Two additional Lansing businesses, 517 Coffee Co. and Dicker & Deal Second Hand Store, received alarming letters, the Lansing State Journal reported. These reports come after Strange Matter Coffee closed last week under the same circumstances. It reopened Friday (March 3). James Defrees, 517 Coffee Co. owner, told the Journal he was sent a 10-page letter addressed to “police,” but it had the store’s address. It contained swastikas, planes dropping bombs and references to Jewish people and Jewish religion, World War III and former President Donald Trump. An unnamed employee of Dicker & Deal said its location on Cedar Street was sent “two or three” letters within the past month but trashed them.
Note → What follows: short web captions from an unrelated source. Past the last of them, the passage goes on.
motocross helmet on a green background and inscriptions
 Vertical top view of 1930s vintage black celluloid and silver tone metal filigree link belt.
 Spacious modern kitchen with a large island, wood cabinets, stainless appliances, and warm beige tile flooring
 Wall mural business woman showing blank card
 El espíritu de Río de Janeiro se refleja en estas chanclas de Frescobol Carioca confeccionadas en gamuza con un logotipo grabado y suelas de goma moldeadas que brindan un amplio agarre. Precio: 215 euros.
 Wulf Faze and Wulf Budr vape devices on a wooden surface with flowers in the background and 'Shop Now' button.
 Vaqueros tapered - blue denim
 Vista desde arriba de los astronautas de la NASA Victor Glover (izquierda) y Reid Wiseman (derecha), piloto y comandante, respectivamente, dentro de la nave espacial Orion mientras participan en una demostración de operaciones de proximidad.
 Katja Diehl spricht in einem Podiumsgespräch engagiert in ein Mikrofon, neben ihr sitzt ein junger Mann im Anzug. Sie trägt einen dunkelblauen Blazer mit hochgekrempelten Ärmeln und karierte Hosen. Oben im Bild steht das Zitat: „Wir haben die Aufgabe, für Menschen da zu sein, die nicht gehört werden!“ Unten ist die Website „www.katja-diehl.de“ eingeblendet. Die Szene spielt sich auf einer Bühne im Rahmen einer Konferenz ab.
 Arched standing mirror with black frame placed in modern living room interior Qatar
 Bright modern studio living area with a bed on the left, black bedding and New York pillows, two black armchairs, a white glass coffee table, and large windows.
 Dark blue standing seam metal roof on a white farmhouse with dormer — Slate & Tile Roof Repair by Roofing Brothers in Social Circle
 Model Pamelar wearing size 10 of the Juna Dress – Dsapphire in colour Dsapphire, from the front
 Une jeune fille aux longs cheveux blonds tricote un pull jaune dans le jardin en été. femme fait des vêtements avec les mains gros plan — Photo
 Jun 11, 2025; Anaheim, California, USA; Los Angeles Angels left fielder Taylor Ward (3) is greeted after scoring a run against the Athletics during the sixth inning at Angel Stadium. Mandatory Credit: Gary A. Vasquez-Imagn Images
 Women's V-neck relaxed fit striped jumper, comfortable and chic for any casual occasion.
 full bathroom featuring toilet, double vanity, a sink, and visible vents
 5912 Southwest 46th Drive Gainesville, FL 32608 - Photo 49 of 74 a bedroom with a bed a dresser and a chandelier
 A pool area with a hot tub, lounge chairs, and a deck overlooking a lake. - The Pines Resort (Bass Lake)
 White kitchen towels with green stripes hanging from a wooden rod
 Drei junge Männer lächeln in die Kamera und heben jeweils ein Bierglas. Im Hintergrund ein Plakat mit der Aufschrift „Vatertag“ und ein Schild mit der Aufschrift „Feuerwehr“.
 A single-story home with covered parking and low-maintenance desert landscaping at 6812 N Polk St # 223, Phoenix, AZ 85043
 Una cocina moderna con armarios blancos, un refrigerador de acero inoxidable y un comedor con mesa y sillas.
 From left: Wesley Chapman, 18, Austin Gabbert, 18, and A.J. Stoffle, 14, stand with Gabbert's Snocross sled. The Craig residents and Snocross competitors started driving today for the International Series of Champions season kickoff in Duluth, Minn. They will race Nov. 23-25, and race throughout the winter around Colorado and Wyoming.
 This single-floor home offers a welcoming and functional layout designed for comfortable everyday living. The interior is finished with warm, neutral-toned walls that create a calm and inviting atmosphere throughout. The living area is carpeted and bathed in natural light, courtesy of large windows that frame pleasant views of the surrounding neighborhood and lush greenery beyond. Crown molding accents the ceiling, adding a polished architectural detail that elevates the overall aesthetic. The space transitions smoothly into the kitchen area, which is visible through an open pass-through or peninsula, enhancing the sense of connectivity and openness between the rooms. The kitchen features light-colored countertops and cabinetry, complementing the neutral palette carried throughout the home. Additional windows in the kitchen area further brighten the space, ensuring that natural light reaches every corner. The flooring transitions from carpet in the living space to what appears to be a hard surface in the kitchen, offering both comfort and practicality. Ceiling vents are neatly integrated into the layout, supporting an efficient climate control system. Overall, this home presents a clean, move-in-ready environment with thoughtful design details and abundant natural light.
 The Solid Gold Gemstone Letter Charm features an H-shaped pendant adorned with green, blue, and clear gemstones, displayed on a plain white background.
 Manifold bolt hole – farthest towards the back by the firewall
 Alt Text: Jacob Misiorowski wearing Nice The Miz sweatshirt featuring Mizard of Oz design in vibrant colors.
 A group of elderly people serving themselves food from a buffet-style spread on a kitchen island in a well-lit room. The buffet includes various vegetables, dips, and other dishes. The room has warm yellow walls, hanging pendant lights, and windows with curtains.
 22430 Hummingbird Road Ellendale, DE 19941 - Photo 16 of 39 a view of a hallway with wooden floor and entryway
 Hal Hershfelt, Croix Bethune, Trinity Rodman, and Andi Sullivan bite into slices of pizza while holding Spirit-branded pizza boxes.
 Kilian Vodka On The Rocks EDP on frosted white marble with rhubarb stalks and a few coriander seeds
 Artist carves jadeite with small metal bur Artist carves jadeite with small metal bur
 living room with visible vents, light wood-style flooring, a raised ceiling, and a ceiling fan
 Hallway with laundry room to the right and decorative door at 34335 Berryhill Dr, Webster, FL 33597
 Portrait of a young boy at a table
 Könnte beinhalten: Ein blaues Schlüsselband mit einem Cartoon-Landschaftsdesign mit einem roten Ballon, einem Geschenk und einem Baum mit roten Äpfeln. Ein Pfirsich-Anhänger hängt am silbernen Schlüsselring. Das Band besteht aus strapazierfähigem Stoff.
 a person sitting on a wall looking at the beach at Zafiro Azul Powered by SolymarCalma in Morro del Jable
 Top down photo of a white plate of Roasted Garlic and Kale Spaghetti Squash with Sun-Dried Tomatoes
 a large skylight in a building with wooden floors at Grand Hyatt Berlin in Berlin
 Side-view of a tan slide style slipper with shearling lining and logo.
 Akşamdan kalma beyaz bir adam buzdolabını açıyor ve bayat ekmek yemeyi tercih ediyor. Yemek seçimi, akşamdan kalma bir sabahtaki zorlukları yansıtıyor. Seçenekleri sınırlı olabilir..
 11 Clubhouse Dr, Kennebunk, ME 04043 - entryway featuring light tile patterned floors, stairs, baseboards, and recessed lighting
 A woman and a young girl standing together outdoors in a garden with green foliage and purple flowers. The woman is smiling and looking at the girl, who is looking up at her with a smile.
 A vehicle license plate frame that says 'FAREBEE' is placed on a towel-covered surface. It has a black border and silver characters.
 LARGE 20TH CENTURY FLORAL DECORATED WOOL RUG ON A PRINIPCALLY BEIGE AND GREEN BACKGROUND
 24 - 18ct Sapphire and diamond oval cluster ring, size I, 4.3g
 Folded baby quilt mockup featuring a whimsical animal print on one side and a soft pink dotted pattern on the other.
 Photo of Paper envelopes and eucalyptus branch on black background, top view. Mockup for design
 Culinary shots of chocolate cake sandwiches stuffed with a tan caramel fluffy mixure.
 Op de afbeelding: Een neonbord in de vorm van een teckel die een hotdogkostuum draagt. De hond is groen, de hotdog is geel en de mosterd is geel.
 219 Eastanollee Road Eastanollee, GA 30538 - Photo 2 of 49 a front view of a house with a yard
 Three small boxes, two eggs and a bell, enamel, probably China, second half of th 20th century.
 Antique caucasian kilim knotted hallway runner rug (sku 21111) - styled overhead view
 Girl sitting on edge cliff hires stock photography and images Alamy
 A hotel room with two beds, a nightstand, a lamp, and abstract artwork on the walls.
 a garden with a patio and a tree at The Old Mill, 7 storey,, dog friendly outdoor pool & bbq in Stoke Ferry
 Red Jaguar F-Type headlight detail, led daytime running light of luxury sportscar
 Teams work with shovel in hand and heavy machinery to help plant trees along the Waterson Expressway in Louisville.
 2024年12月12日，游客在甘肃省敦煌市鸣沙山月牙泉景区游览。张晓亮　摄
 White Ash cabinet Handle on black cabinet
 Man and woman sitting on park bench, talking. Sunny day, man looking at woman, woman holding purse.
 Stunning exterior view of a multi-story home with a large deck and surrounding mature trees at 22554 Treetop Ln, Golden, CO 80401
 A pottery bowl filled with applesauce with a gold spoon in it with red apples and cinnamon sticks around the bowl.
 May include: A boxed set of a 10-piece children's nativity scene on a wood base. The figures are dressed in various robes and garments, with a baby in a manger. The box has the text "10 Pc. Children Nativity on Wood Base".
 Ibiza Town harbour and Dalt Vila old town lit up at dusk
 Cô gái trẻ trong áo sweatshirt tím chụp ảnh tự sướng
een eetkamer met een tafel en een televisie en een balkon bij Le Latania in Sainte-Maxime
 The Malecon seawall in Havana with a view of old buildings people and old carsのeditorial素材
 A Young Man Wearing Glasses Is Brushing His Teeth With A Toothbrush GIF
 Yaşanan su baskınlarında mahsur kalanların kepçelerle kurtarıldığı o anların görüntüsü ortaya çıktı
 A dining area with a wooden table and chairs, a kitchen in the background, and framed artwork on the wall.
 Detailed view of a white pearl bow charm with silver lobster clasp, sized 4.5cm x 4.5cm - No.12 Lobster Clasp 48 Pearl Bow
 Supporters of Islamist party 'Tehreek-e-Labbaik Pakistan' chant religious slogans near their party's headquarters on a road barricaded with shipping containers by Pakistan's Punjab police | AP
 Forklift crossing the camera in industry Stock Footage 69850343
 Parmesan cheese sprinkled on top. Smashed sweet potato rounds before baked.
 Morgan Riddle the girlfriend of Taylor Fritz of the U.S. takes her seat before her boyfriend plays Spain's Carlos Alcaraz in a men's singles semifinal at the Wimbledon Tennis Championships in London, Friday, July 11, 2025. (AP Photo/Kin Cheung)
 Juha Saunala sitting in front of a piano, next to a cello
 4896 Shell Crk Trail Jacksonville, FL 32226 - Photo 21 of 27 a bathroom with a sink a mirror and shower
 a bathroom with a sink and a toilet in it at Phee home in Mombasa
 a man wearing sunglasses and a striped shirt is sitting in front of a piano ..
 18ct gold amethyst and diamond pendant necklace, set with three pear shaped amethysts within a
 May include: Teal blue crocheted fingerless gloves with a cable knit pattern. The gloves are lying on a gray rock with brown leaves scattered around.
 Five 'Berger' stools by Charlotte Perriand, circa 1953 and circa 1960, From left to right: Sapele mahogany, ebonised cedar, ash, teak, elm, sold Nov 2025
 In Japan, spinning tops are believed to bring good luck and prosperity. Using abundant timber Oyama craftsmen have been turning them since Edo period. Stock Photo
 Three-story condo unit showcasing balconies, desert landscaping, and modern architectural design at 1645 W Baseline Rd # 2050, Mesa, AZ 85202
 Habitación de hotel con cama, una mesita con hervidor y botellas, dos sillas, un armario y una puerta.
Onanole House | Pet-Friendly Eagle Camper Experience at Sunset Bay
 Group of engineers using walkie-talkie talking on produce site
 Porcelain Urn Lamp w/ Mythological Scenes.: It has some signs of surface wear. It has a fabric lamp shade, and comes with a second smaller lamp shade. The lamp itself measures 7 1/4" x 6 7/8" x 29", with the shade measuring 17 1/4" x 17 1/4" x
The Lansing Police Department said the public isn’t at risk, though the FBI’s Detroit field office and the U.S. Postal Inspection Service are investigating the situation and ask anyone who receives a threatening letter to contact them immediately.

 

An 11-year-old girl is in stable condition after being shot in the leg Saturday (March 4), the Lansing State Journal reported. She was inside her house in the area of Orchard Court during the shooting, and the shots are believed to have come from outside of the home. Her family transported her to the hospital after the incident. Police believe this was a targeted shooting, and there is no threat to the public. Anyone with information on the shooting should call the Lansing Police Department at 517-483-4600.